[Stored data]
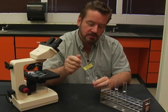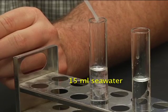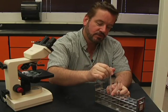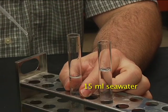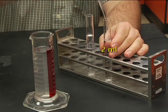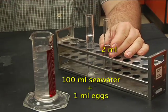To prepare the sperm dilution, place a couple drops of sperm in 15 milliliters of seawater. Mix the sperm solution and transfer one milliliter into another 15 milliliters of seawater. Then transfer two milliliters of the dilute sperm solution into 100 milliliters of seawater with one milliliter of eggs.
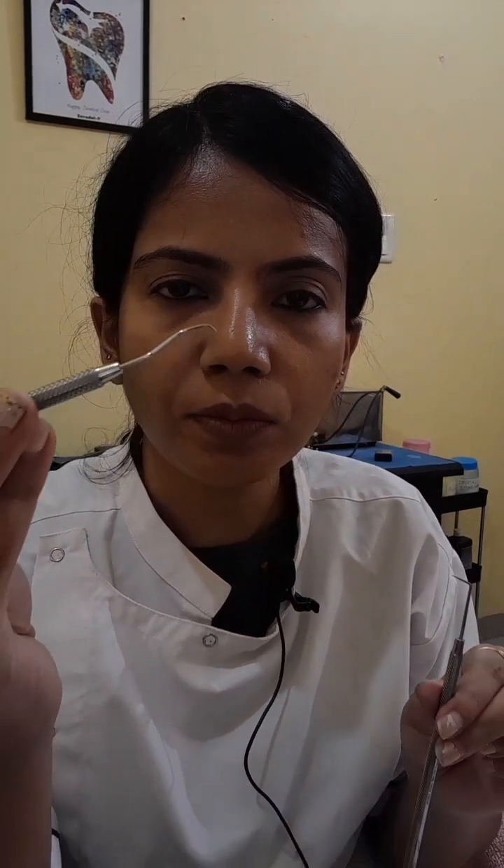Coming towards the third part, that is the working tip. The working tip is the sharpest point at the end of the Dental Explorer — you can see this here. It could also be of two types. As you can see, this is a single-ended instrument. In a single-ended instrument, only one shank is present and the last end is usually blunt. And in a double-ended explorer, you can see there are two working tips present — here is just one working tip and here you have two working tips.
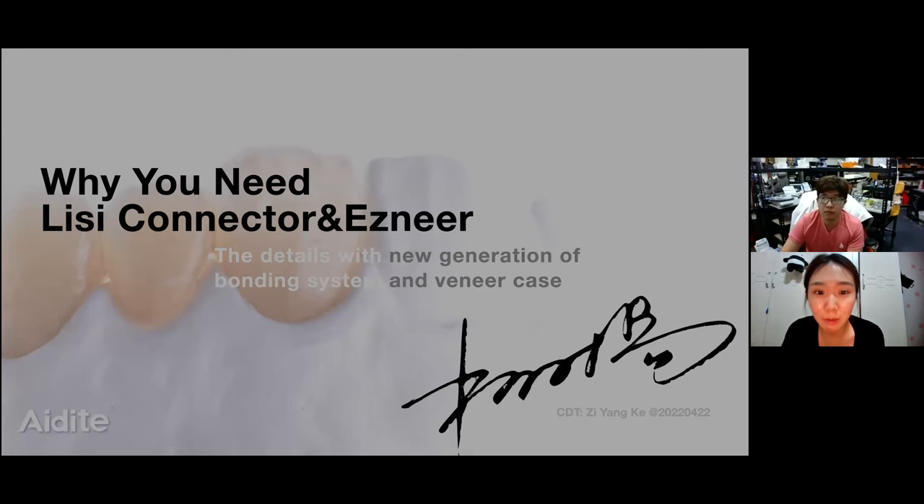Hello everyone, welcome to the EDIT webinar. Today we invite EDIT senior lecturer, Mr. Kuo, to speak on why you need a DC connector and EZ NIR.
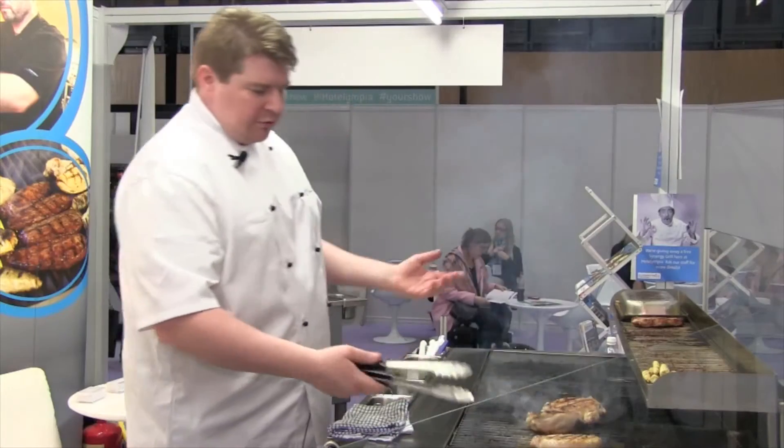We've been looking after some of the Synergy Grills for a few years now and we've found them a very good, reliable product — easy to maintain, with readily available spare parts where required. The maintenance is all from the front, which means when they're in a cook line, it's a quite easy, simple process to carry out.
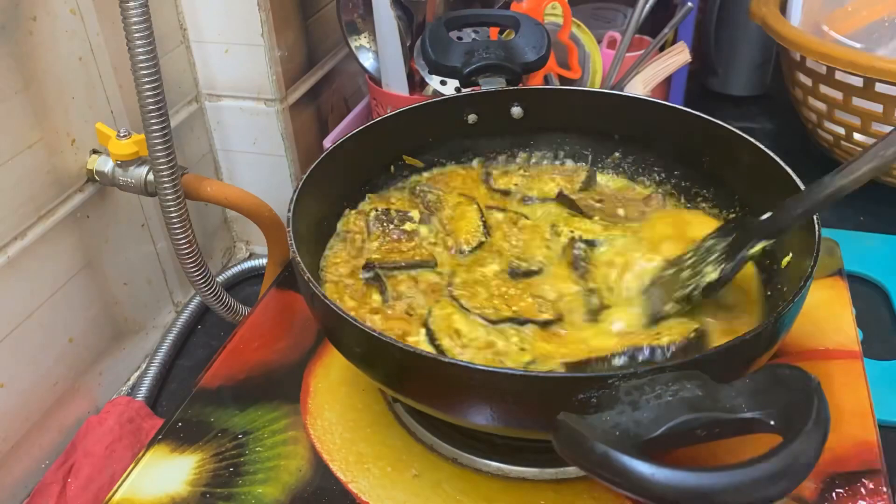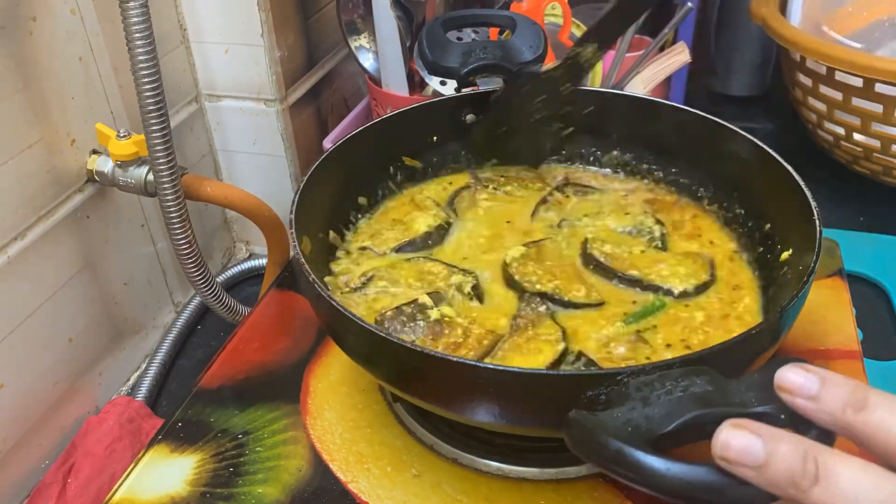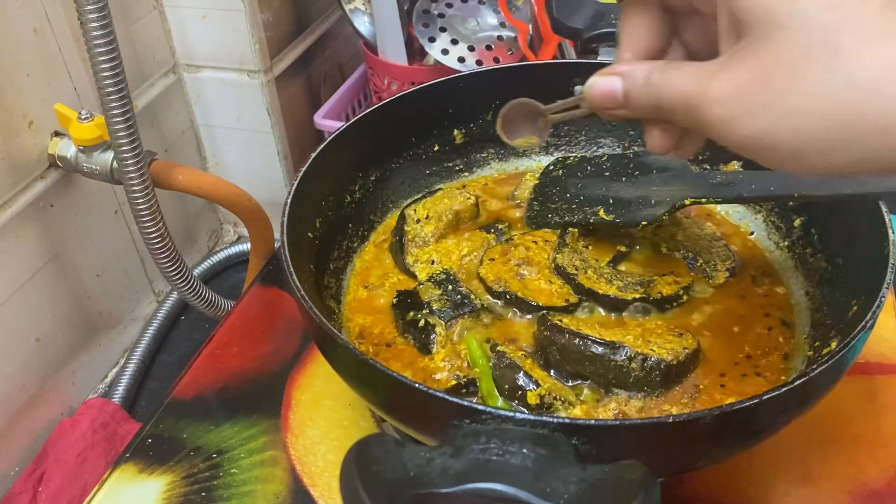I feel like having a small portion but I keep eating and eating. This is the most important thing — I need to make some food. I have an empty stomach. Let's put it all together and let it cook.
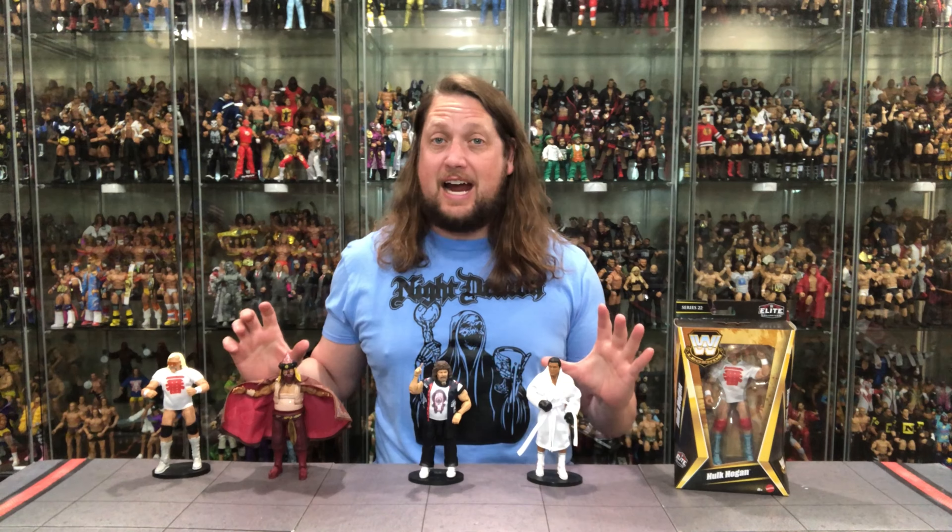Today on the channel we unbox the Chase Edition Legends 22 Hulk Hogan and we rank the entire wave from my least favorite to my favorite.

> _Work instructions_: What are the lines in the records above, word for word, from the one containing "Coming towards the" through the one containing "Hello everyone, welcome", both ends included and pictures left out?

> _Output for this task_:
Coming towards the third part, that is the working tip. The working tip is the sharpest point at the end of the Dental Explorer — you can see this here. It could also be of two types. As you can see, this is a single-ended instrument. In a single-ended instrument, only one shank is present and the last end is usually blunt. And in a double-ended explorer, you can see there are two working tips present — here is just one working tip and here you have two working tips.
Hello everyone, welcome to the EDIT webinar. Today we invite EDIT senior lecturer, Mr. Kuo, to speak on why you need a DC connector and EZ NIR.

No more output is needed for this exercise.